Git now faster than Mercurial to clone Mozilla Mercurial repos
How is that for clickbait?
With the now released git-cinnabar 0.5.2, the cinnabarclone feature is enabled by default, which means it doesn't need to be enabled manually anymore.
Cinnabarclone is to git-cinnabar what clonebundles is to Mercurial (to some extent). Clonebundles allow Mercurial to download a pre-generated bundle of a repository, which reduces work on the server side. Similarly, Cinnabarclone allows git-cinnabar to download a pre-generated bundle of the git form of a Mercurial repository.
Thanks to Connor Sheehan, who deployed the necessary extension and configuration on the server side, cinnabarclone is now enabled for mozilla-central and mozilla-unified, making git-cinnabar clone faster than ever for these repositories.

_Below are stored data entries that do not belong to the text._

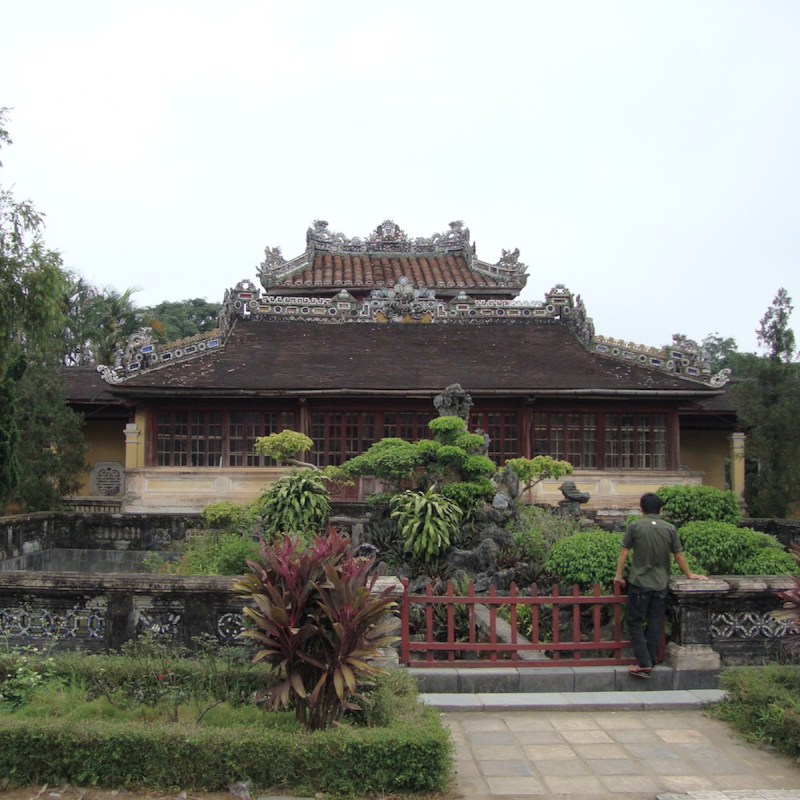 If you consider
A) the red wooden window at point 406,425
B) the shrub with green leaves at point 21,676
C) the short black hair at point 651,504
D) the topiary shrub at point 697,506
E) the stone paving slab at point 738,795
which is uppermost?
the red wooden window at point 406,425

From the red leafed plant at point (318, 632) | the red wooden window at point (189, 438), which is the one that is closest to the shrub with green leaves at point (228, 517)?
the red wooden window at point (189, 438)

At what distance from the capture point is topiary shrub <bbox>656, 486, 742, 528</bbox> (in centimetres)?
1174

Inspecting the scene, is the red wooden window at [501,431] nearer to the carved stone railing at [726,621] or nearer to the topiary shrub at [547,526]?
the topiary shrub at [547,526]

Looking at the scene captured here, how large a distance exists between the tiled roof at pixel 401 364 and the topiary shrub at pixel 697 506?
7.09 m

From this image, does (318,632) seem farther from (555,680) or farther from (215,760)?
(555,680)

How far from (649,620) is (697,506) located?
15.0 feet

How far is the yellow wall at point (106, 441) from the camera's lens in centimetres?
2289

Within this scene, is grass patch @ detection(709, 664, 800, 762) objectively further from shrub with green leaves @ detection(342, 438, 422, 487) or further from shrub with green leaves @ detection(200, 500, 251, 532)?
shrub with green leaves @ detection(200, 500, 251, 532)

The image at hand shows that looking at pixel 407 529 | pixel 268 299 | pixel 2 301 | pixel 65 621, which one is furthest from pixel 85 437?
pixel 65 621

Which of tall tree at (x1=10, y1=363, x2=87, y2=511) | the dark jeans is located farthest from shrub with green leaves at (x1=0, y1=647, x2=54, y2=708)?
tall tree at (x1=10, y1=363, x2=87, y2=511)

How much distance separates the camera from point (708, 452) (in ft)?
79.1

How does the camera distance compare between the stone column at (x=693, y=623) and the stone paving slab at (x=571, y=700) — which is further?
the stone column at (x=693, y=623)

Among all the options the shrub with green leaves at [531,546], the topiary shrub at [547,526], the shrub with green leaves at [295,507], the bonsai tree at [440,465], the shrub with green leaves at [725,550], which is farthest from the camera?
the shrub with green leaves at [295,507]

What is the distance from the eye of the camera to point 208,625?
7.46 metres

In fact, under some conditions (mostly depending on network bandwidth), cloning with git-cinnabar is now faster than cloning with Mercurial:
$ time git clone hg::https://hg.mozilla.org/mozilla-unified mozilla-unified_git
Cloning into 'mozilla-unified_git'...
Fetching cinnabar metadata from https://index.taskcluster.net/v1/task/github.glandium.git-cinnabar.bundle.mozilla-unified/artifacts/public/bundle.git
Receiving objects: 100% (12153616/12153616), 2.67 GiB | 41.41 MiB/s, done.
Resolving deltas: 100% (8393939/8393939), done.
Reading 172 changesets
Reading and importing 170 manifests
Reading and importing 758 revisions of 570 files
Importing 172 changesets
It is recommended that you set "remote.origin.prune" or "fetch.prune" to "true".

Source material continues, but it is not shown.